→ **TASK TO COMPLETE**
Nothing but an exact copy of the records is expected here.

——————

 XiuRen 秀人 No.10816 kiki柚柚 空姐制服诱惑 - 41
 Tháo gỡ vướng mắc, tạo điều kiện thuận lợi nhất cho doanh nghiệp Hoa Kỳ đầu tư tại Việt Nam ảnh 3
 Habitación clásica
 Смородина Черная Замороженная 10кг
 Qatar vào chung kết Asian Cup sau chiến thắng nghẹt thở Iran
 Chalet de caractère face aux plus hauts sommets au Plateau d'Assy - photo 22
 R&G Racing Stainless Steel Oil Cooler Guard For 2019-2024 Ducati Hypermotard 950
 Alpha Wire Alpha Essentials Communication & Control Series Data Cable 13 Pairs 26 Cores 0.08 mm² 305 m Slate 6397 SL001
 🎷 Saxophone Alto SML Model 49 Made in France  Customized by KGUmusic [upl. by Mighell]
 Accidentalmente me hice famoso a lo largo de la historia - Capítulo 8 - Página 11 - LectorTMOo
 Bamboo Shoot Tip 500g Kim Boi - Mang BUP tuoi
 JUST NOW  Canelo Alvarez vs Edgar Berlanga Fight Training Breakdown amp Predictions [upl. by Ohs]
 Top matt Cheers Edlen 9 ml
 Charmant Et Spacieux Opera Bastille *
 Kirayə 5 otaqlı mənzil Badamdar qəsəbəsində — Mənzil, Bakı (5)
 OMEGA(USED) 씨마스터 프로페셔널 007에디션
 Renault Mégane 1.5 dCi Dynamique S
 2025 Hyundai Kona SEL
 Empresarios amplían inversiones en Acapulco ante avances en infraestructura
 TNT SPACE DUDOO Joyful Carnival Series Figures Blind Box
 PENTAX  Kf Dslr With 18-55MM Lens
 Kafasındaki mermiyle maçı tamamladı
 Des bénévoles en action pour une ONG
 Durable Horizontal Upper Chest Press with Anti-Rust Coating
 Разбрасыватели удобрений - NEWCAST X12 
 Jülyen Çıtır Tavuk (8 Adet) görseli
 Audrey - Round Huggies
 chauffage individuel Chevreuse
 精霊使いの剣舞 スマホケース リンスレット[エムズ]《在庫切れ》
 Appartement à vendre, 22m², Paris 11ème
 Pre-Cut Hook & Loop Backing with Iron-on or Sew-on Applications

——————

→ **OUTPUT**
 XiuRen 秀人 No.10816 kiki柚柚 空姐制服诱惑 - 41
 Tháo gỡ vướng mắc, tạo điều kiện thuận lợi nhất cho doanh nghiệp Hoa Kỳ đầu tư tại Việt Nam ảnh 3
 Habitación clásica
 Смородина Черная Замороженная 10кг
 Qatar vào chung kết Asian Cup sau chiến thắng nghẹt thở Iran
 Chalet de caractère face aux plus hauts sommets au Plateau d'Assy - photo 22
 R&G Racing Stainless Steel Oil Cooler Guard For 2019-2024 Ducati Hypermotard 950
 Alpha Wire Alpha Essentials Communication & Control Series Data Cable 13 Pairs 26 Cores 0.08 mm² 305 m Slate 6397 SL001
 🎷 Saxophone Alto SML Model 49 Made in France  Customized by KGUmusic [upl. by Mighell]
 Accidentalmente me hice famoso a lo largo de la historia - Capítulo 8 - Página 11 - LectorTMOo
 Bamboo Shoot Tip 500g Kim Boi - Mang BUP tuoi
 JUST NOW  Canelo Alvarez vs Edgar Berlanga Fight Training Breakdown amp Predictions [upl. by Ohs]
 Top matt Cheers Edlen 9 ml
 Charmant Et Spacieux Opera Bastille *
 Kirayə 5 otaqlı mənzil Badamdar qəsəbəsində — Mənzil, Bakı (5)
 OMEGA(USED) 씨마스터 프로페셔널 007에디션
 Renault Mégane 1.5 dCi Dynamique S
 2025 Hyundai Kona SEL
 Empresarios amplían inversiones en Acapulco ante avances en infraestructura
 TNT SPACE DUDOO Joyful Carnival Series Figures Blind Box
 PENTAX  Kf Dslr With 18-55MM Lens
 Kafasındaki mermiyle maçı tamamladı
 Des bénévoles en action pour une ONG
 Durable Horizontal Upper Chest Press with Anti-Rust Coating
 Разбрасыватели удобрений - NEWCAST X12 
 Jülyen Çıtır Tavuk (8 Adet) görseli
 Audrey - Round Huggies
 chauffage individuel Chevreuse
 精霊使いの剣舞 スマホケース リンスレット[エムズ]《在庫切れ》
 Appartement à vendre, 22m², Paris 11ème
 Pre-Cut Hook & Loop Backing with Iron-on or Sew-on Applications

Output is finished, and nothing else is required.